We were all learning together, but each person learns differently…we helped each other.

These classes incorporate into your life and into your learning. It becomes part of your thinking. It just keeps connecting, and connecting, and connecting.
Collaborative Learning Project LC students

From 1985 to the present, Washington Center has used “learning communities” to describe a variety of approaches to curricular reform that depart from the usual pattern of teachers teaching separate classes in separate subjects to separate groups of students.

Early editions of the Washington Center newsletter include accounts of the wonderfully inventive learning communities designed by faculty and academic staff. The degree of curricular integration varied as did the amount of collaboration among faculty and those involved in the teaching team, including full and part-time faculty, counselors, student affairs professionals, librarians, and peer mentors.

In 1994, the Collaborative Learning Project—the first longitudinal study on the impact of learning communities on student learning in higher education—introduced a broader audience to the academic and social benefits of learning communities. Three programs were highlighted in this research study: the Freshman Interest group program at the University of Washington, the Coordinated Studies Program at Seattle Community College, and the learning community clusters at La Guardia Community College.

Student accounts from the Collaborative Learning Project—see quotes above—are not so different from what our own students might say.

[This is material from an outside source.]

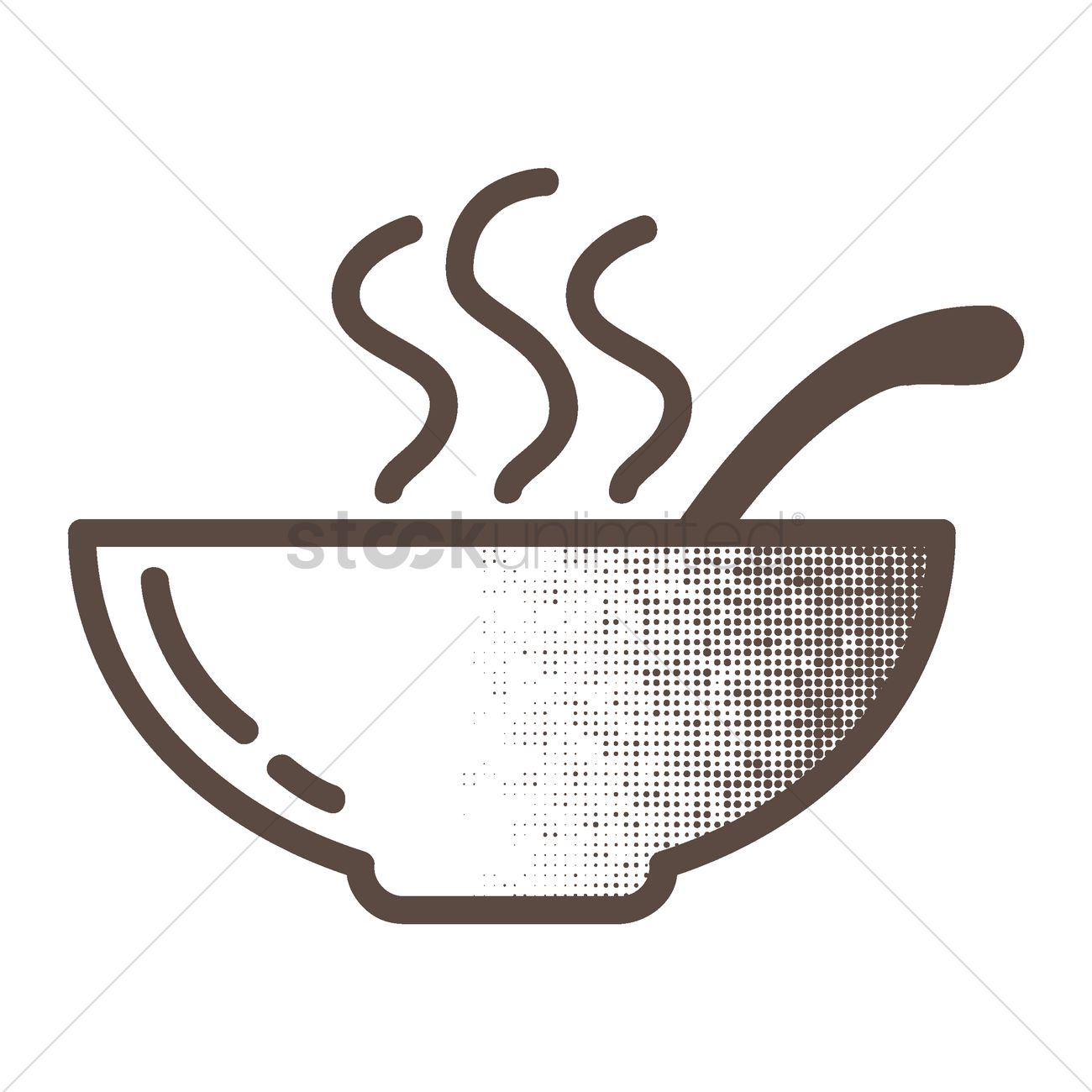 1300x1300 Bowl Of Soup Vector Image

This is hardly surprising, since learning communities done well continue to be a conduit for high-expectation, engaged, meaningful learning. What has changed are the programs on these campuses.

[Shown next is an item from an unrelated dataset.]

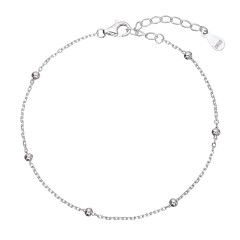 Strieborný náramok s guličkami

Through the collective efforts of colleagues at these institutions and many others, we now know more about how to scale up and sustain learning community initiatives so many more students can experience the value of learning in community, especially those who are underrepresented in higher education.

LCs as an Intervention Strategy for Student Success

The expression “new era learning communities” refers to a new stage in learning community work—where curricular reform is cast more broadly as educational reform. The starting point for planning learning communities is no longer a conversation between faculty keen to teach together, but an institution’s commitment to its students—from their arrival to graduation.

Situating learning communities in the thick of an educational institution’s aims and concerns represents a coming-of-age for an emerging field.

The shifts include the following key moves:

  • From learning community offerings based on faculty interest to learning communities situated where student need is greatest and at critical transition points (high school and pre-college to college, transfer from two- to-four year schools, entry into specialized studies)
  • From learning community models to learning communities as an intervention strategy for student success where attention is paid to subsets of students whose completion rates lag behind their peers
  • From one or two types of learning communities to multiple interventions with a common purpose informed by explicit learning community program mission and goals, articulated in relation to an institution's strategic plan

New era learning communities move forward the best of our collective efforts. The throughline—the constant—is the commitment to quality education for all students, and an explicit institutional acknowledgement that curriculum planning time for faculty and other teaching team members is foundational to learning communities done well.